An intricate intertwinement of idealism (whether inspired by political republicanism or religious millenarianism) and economic and strategic pragmatism suffused English thinking about Jews in the era of the readmission. The Jews figure prominently, indeed, in Harrington’s own attempt to bridge the gap between vision and reality. He opens his text with a mellifluous hymn to the island of Oceana, which, it is clear, should be understood as England in the immediate post–Civil War future. Harrington then addresses attention to the problems of the fertile but degenerate “neighbour island” of “Panopea” – “the soft mother of a slothful and pusillanimous people”: this is clearly Ireland. Panopea, Harrington suggests, should be settled with Jews, who, he confidently proclaims, would flock there in large numbers if allowed to observe “their own rites and laws.” In Panopea the Jews would retain their mercantile skills and also rediscover their ancient talent for agriculture, presenting the possibility of a uniquely profitable arrangement both for the tenant Jews and for the landlord Commonwealth of Oceana.66
This suggestion is clearly a response to contemporary events both in England – where the issue of Jewish readmission had recently moved center stage – and in Ireland, where Cromwell was attempting to implement a brutal policy of colonial land confiscation and native transplantation. Harrington’s position here is implicitly critical both of Cromwell’s strategy in Ireland and of the de facto acceptance of Jewish settlement in England, which had effectively been established only a few months prior to the publication of Oceana in the autumn of 1656.67 In contrast to the newly acknowledged Jewish colony living and working in the heart of London, Harrington’s proposed plantation of Ireland with Jews was designed to quarantine them from others:
To receive the Jews after any other manner into a commonwealth were to maim it; for they of all nations never incorporate but, taking up the room of a limb, are of no use or office unto the body, while they suck the nourishment which would sustain a natural and useful member.68
Harrington was hostile to the settlement of Jews in Oceana proper because he believed that they would introduce with them an economic culture of vigorous financial speculation. This commercial energy was, in his opinion, inimical to the form of virtuous republic he envisaged, in which political power and participation were based on the ownership of landed property, broadly dispersed among the nobility and gentry.69 Harrington’s view of the Jews thus mixed admiration with disdain, and reverence with fear. He idealized the latent agrarian skills of the Jews, which he regarded as part of their timeless collective talents as God’s chosen people. He was much less comfortable, however, with the economic specialism manifested by the actual Jews of his own time. Once again, the mythic agrarian Jews of the past clashed uncomfortably with the real, commercial Jews of the present. Whereas Selden for the most part silently evaded this tension, Harrington attempted to reconcile it.

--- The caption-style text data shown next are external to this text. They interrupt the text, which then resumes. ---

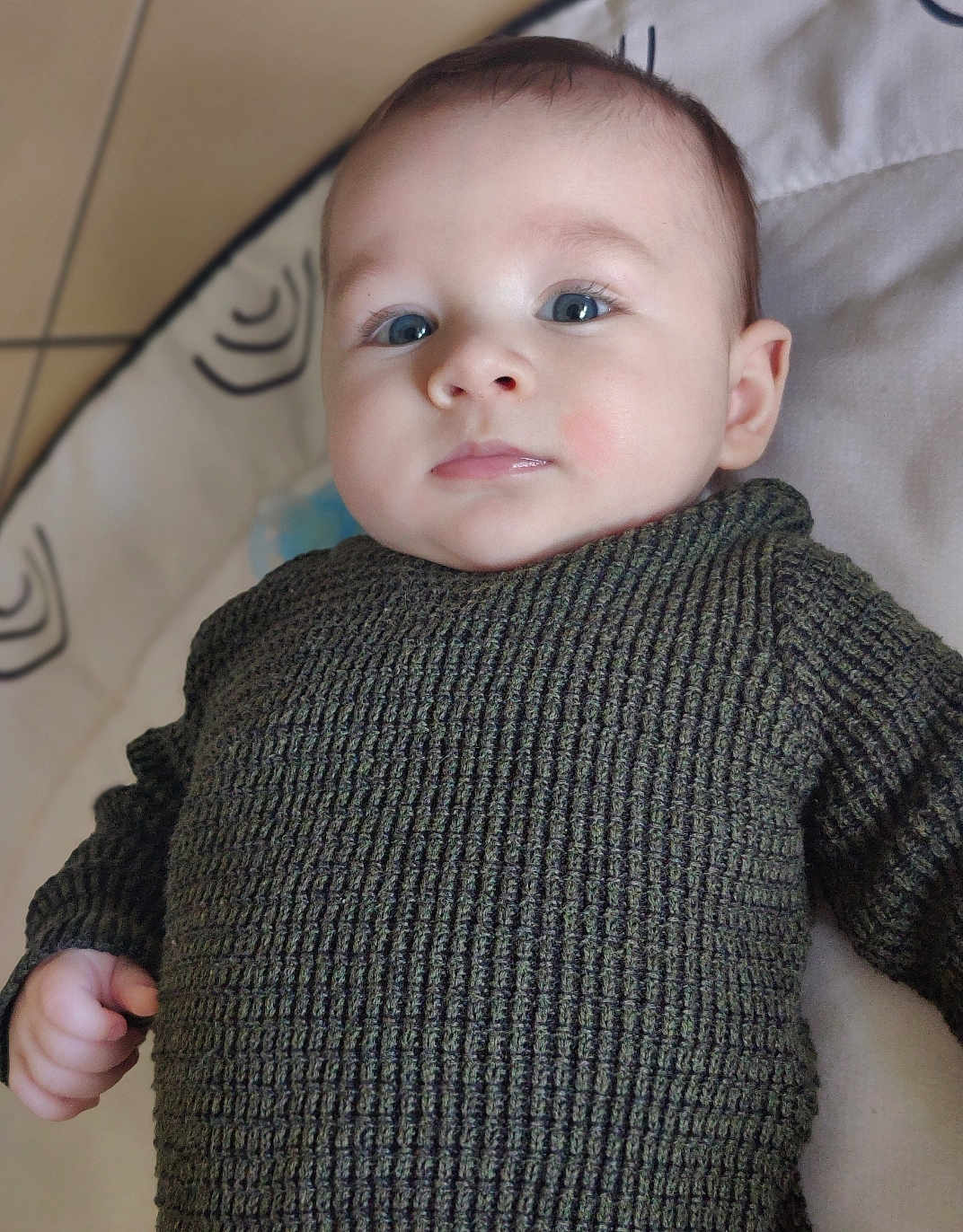 Kenneth a rejoint le concours — aidez-le/la à gagner de superbes lots ! baby, child, infant, face, eyes, sweater, knitwear, hand, portrait, closeup, lying_down, indoor, soft_surface, patterned_background, cute, young_child, skin, head, expression, person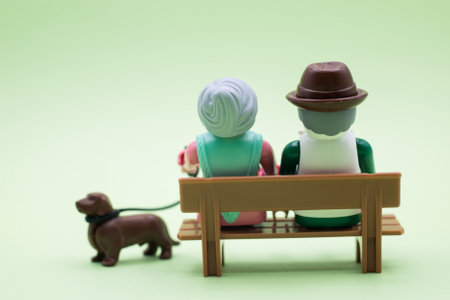 Mulhouse - France - 10 December 2020 - Closeup of playmobil figurines on green background - old...
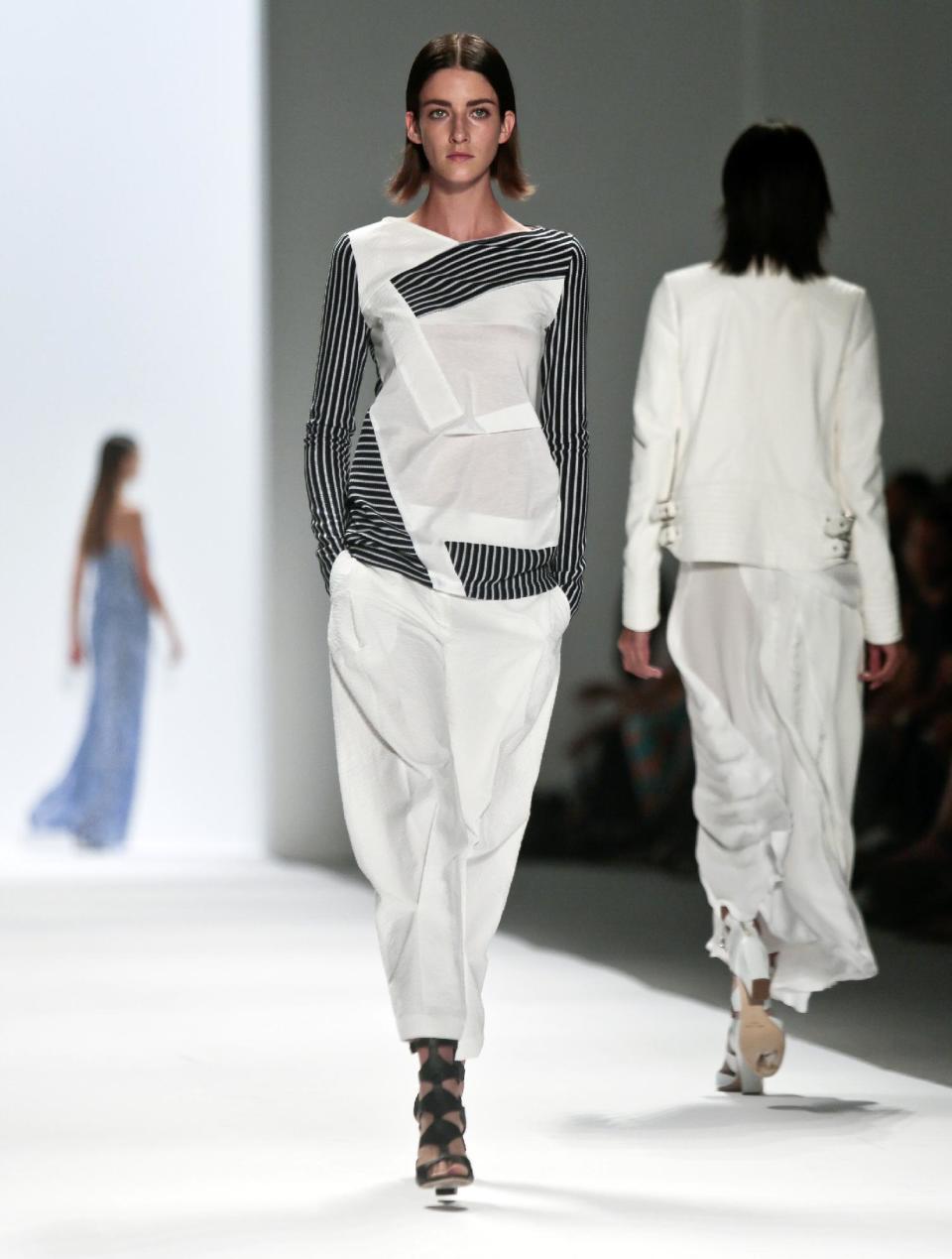 Fashion from the Richard Chai Spring Summer 2014 collection is modeled on Thursday, Sept. 5, 2013, during Fashion Week in New York. (AP Photo/Bebeto Matthews)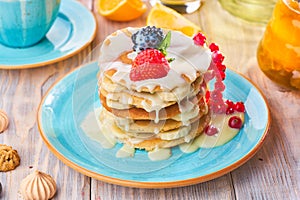 Stack of homemade pancakes with strawberrie, banana and red currant on a blue plate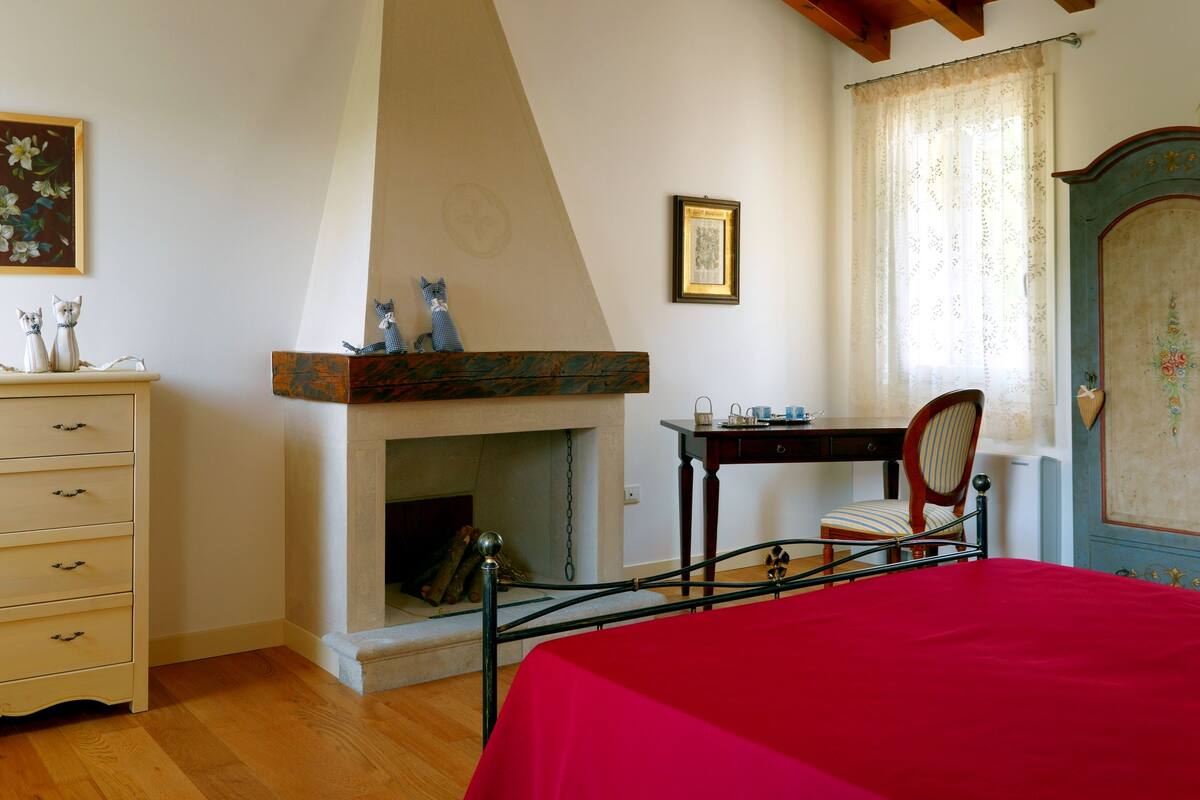 Un dormitorio con techo de madera, chimenea, cama con colcha roja, cómoda y una silla.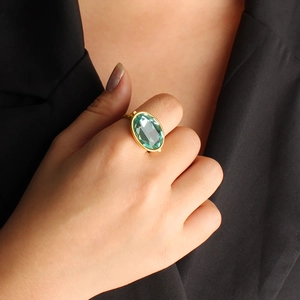 Vintage gold ring with large oval green gemstone on finger with black suit backdrop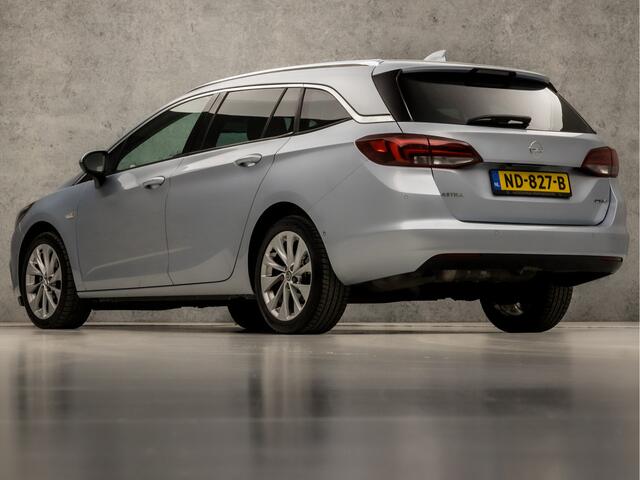 Opel ASTRA Sports Tourer 1.4 Innovation 150Pk Automaat (APPLE CARPLAY, GROOT NAVI, CLIMATE, CAMERA, LEDER, SPORTSTOELEN, ADAPTIVE CRUISE, PARKEERSENSOREN, LANE ASSIST, NIEUWE APK, NIEUWSTAAT)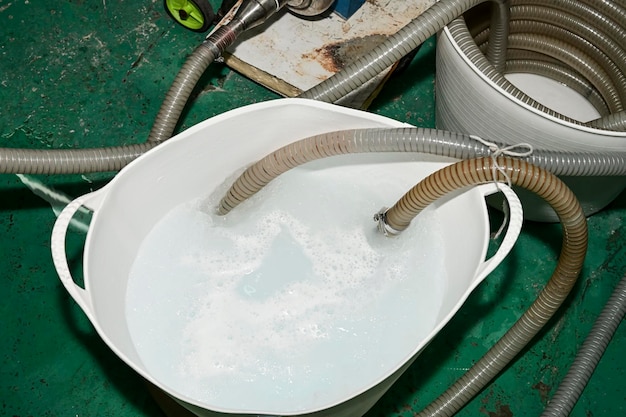 Rubber basket with disinfectant liquid for cleaning a cheese factory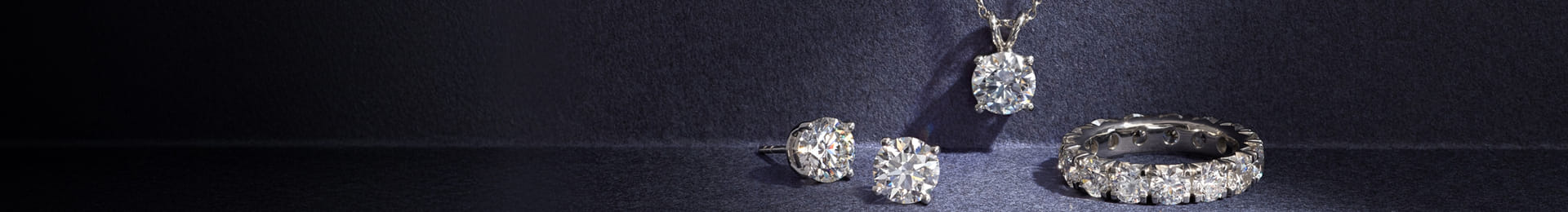 Various diamond jewelry pieces beautifully arranged on different backgrounds.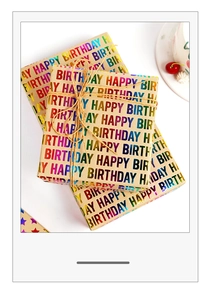Macro view of kraft paper gift wrap with holographic rainbow Happy Birthday foil lettering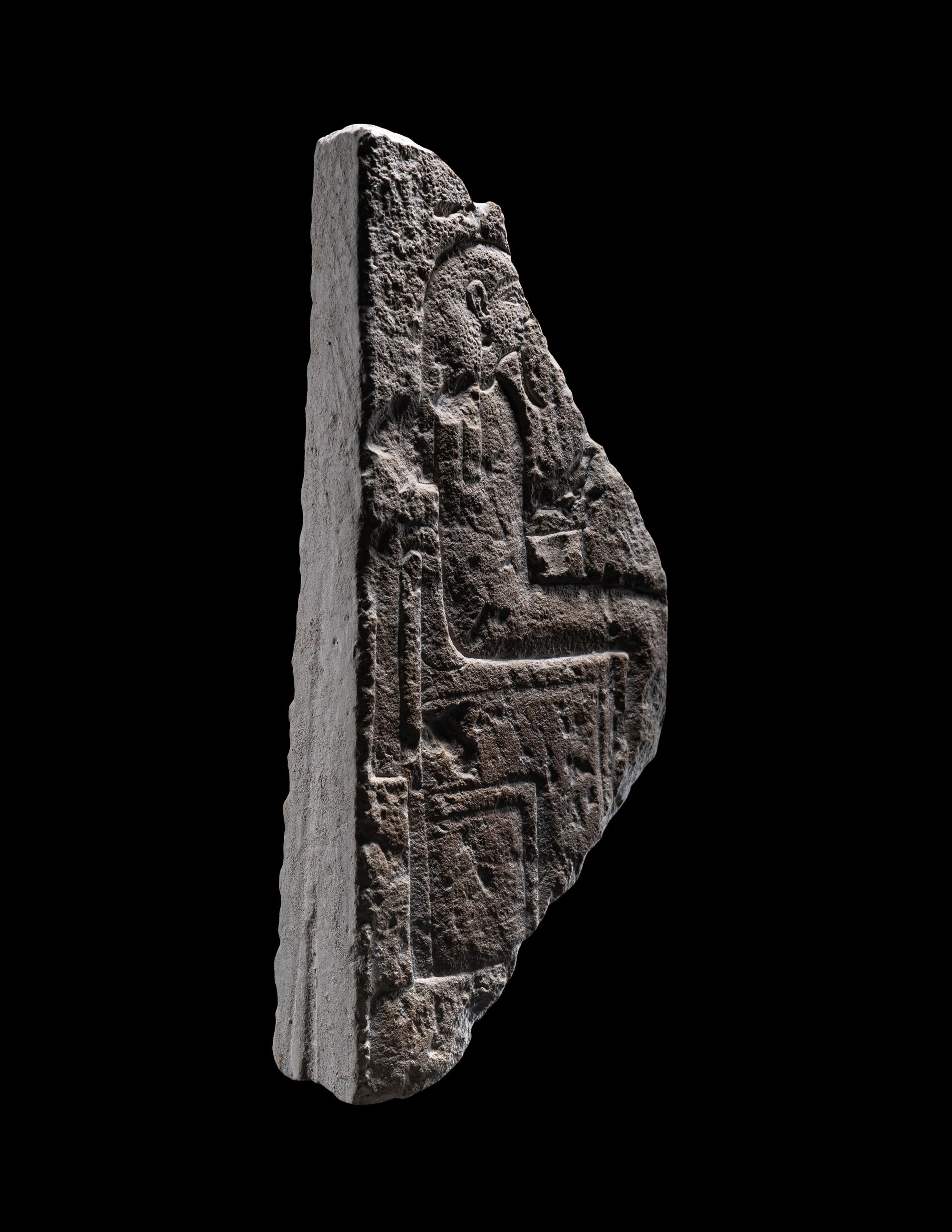 An Egyptian Limestone Stele Fragment with a Seated Pharaoh
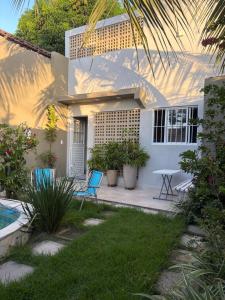 a house with two chairs and a table in front of it at Casa Loft 9C in São Luís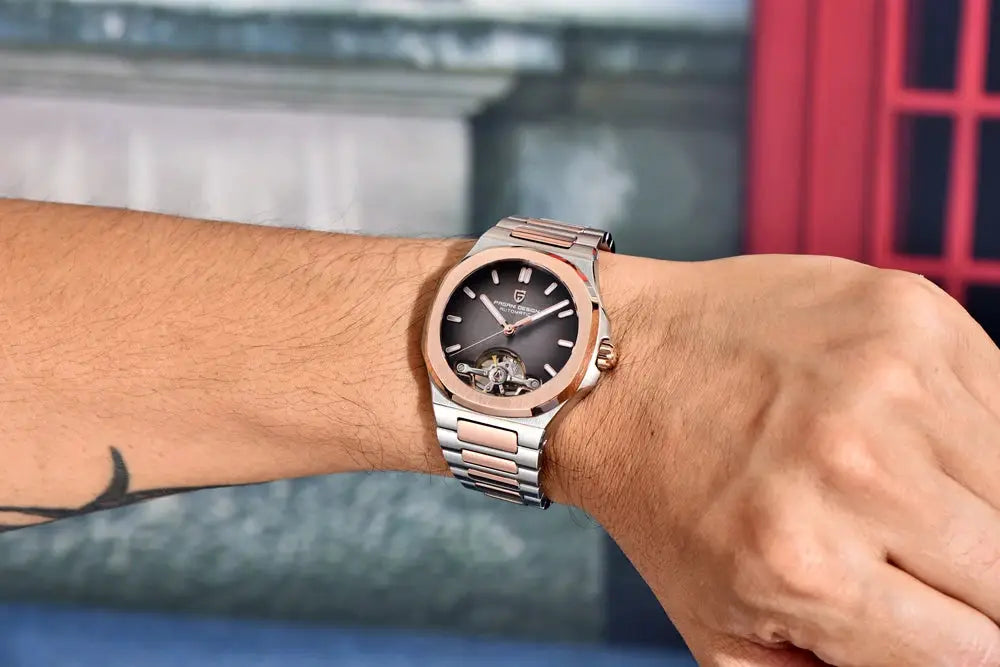 Pagani Design men's skeleton automatic wristwatch, two-tone stainless steel with rose-gold bezel on a silver bracelet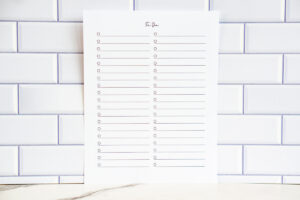 Full view of a clean black-and-white two-column printable to-do list page with checkboxes, displayed upright in front of white subway tile.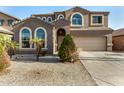 Two-story home with a two-car garage, arched windows, and low maintenance desert landscaping at 9207 W Kirby Ave, Tolleson, AZ 85353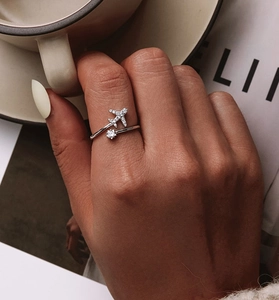 Close-up of S925 sterling silver airplane ring with sparkling zircon stones on finger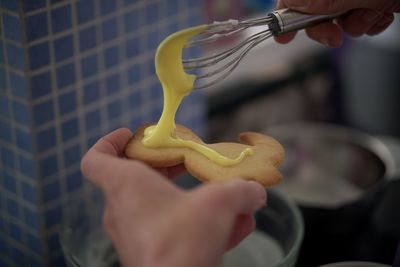 Cropped image of person holding cookies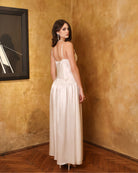 Back view of the silk satin nightdress, highlighting the elegant lines and the sophisticated bridal-style silhouette.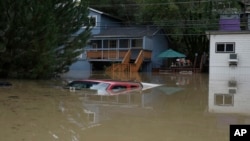 A truck is seen submerged in the flood waters of the Russian River in Forestville, north of San Francisco, Feb. 27, 2019. 
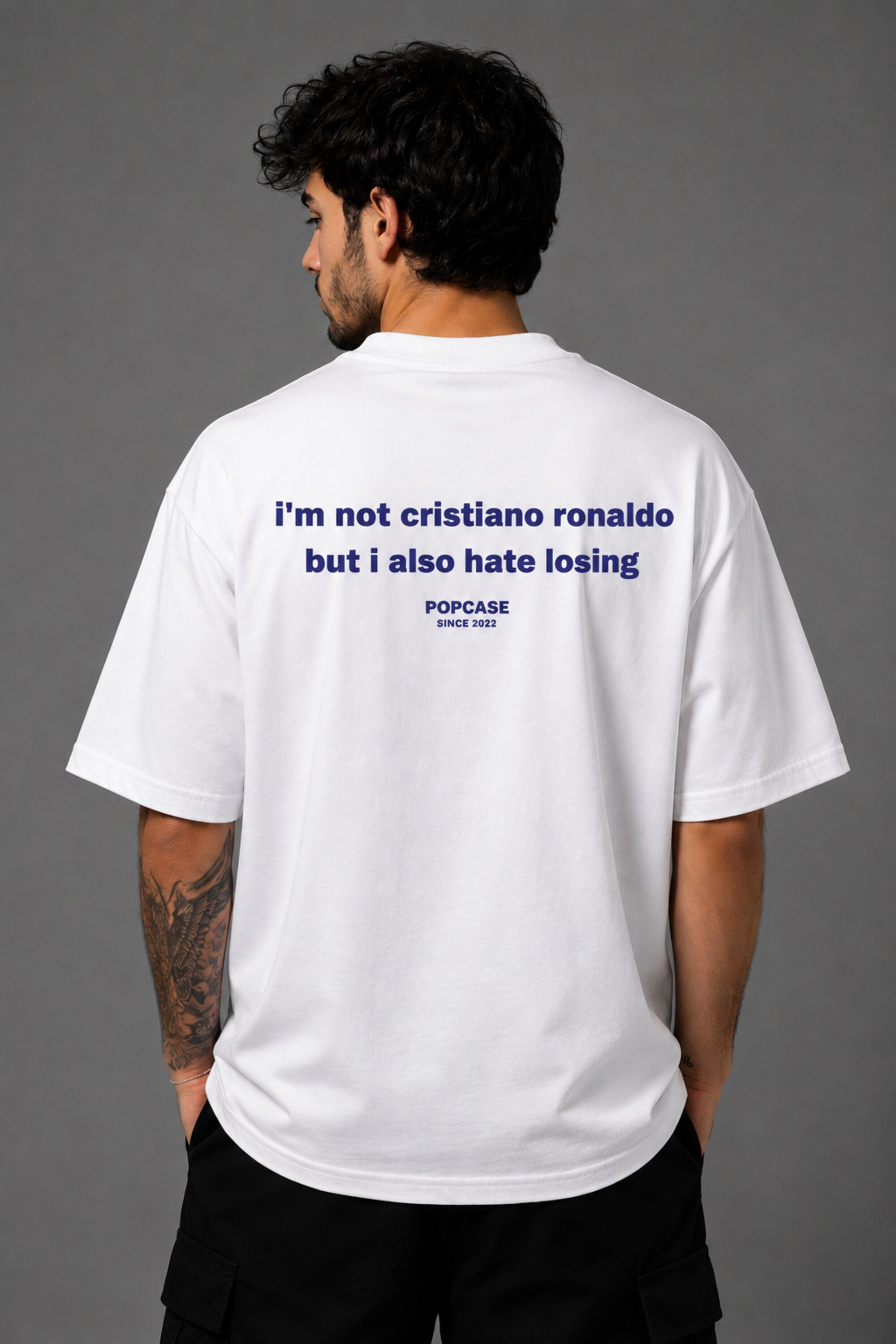 White POPCASE oversized tshirt with i'm not cristiano ronaldo but i also hate losing quote in navy on back, POPCASE Since 2022 tagline
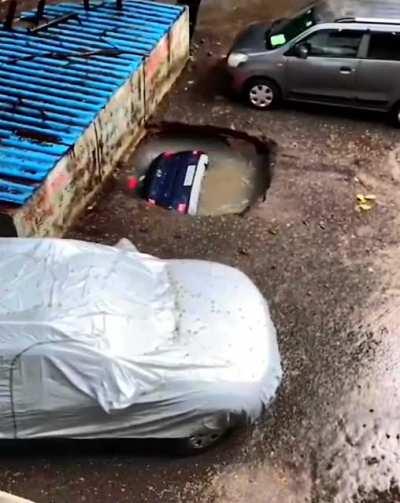 A car going down a sinkhole during rains..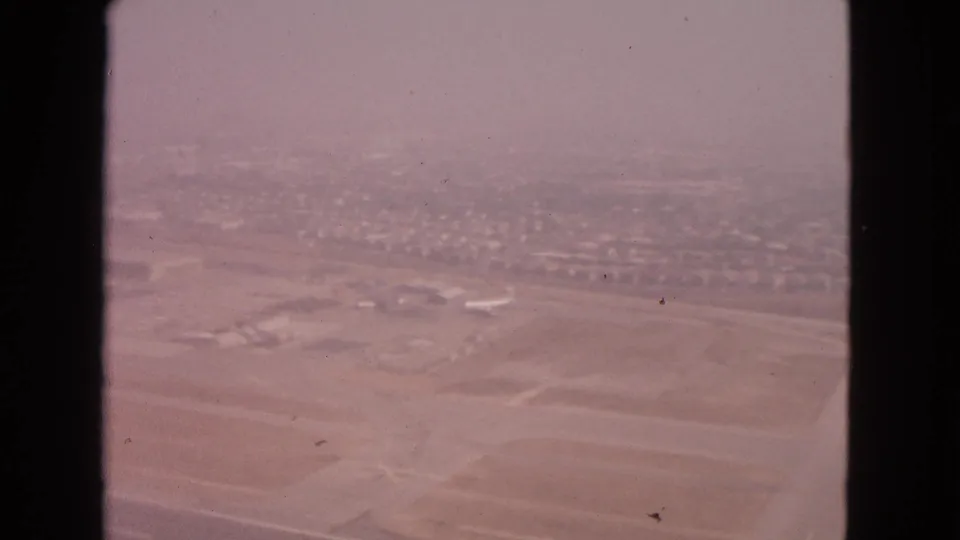 Barrington, Illinois airport area viewed from above in 1963, with runway strips, low structures, and distant residential blocks.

In so doing, he drew attention to the contradictory duality of the Jews’ association both with the agrarian simplicity that carried such positive connotations in the republican tradition and with the commercial and speculative skills that he and others regarded as deeply corrosive of this political cause.
Here we see very clearly the ambivalence of the “philosemitic moment.” From Harrington onward, Pocock has stressed, Anglo-American republican thought was highly suspicious both of parliamentary power and of commercial society and tended to align with “country” propertied interests and agrarian values, against these urban foci of power, which they perceived as a threat to republican virtue. Republicanism, however, was unimaginable without parliamentary authority, and, at least in the context of the seventeenth and eighteenth centuries, unimaginable also without the rise of commerce, which provided the incomes of almost all potential or actual beneficiaries and participants in republican government. Republican thought in the Enlightenment era was, as Pocock has shown, thus caught in a quandary, and beset with anxieties of its own decay and corruption.70 This tension – between the moral and collectivist ideals of republicanism and the commercial energies it unleashed – was brought into uniquely dense focus by the case of the Jews. While in abstract terms Judaism was very strongly associated with the values and practices of agrarian republicanism, theorists such as Selden and Harrington also accepted the dominant seventeenth-century linkage of Jews with commerce, and with its very different, and in some eyes even diametrically opposed, system of values. Confusion over commerce thus manifested itself in confusion over Jews – with significant consequences for the lives of Jews themselves, who, in the mid-1650s in particular, did their best to navigate this confusion to their advantage.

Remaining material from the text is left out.